### Records to process

______________________________

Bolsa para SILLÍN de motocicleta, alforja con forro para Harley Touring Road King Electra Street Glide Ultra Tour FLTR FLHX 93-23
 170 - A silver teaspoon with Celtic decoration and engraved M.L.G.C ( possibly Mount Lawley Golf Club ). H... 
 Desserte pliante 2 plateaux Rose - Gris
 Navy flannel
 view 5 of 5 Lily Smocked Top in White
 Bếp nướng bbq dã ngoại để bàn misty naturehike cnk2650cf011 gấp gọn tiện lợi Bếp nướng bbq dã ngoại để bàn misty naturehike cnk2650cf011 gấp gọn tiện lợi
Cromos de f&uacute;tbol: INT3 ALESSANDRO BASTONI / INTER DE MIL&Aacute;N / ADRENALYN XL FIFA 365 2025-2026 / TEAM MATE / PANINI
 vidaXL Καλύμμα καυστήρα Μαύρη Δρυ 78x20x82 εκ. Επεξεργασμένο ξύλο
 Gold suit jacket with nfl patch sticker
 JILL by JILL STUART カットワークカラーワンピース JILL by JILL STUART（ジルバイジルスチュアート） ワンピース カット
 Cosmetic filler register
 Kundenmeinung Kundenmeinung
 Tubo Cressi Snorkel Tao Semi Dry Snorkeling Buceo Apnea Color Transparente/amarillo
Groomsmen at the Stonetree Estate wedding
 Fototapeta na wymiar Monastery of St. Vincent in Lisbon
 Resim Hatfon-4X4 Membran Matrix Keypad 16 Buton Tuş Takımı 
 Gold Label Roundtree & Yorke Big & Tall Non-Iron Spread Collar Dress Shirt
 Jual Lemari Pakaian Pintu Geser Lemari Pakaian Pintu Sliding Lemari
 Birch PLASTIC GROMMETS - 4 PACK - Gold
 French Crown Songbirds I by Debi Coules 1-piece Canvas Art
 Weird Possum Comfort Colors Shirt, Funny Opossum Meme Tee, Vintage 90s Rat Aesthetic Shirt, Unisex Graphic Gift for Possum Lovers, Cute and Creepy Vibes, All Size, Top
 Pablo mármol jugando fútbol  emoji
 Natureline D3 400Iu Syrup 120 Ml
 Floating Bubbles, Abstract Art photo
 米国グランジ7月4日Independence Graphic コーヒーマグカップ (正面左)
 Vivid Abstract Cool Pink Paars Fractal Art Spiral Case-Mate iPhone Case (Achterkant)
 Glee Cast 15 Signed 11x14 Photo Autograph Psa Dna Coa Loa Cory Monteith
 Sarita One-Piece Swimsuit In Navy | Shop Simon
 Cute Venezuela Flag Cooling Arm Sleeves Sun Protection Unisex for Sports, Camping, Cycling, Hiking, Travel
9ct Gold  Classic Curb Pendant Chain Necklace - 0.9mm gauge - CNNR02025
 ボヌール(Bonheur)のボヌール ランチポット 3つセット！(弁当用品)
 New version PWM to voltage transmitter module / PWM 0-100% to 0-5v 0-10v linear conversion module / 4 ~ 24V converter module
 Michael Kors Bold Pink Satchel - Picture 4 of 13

______________________________

### Required action
Where does the string "with" occur in the data above? Copy every line that holds it.

### Response
 170 - A silver teaspoon with Celtic decoration and engraved M.L.G.C ( possibly Mount Lawley Golf Club ). H... 
 Gold suit jacket with nfl patch sticker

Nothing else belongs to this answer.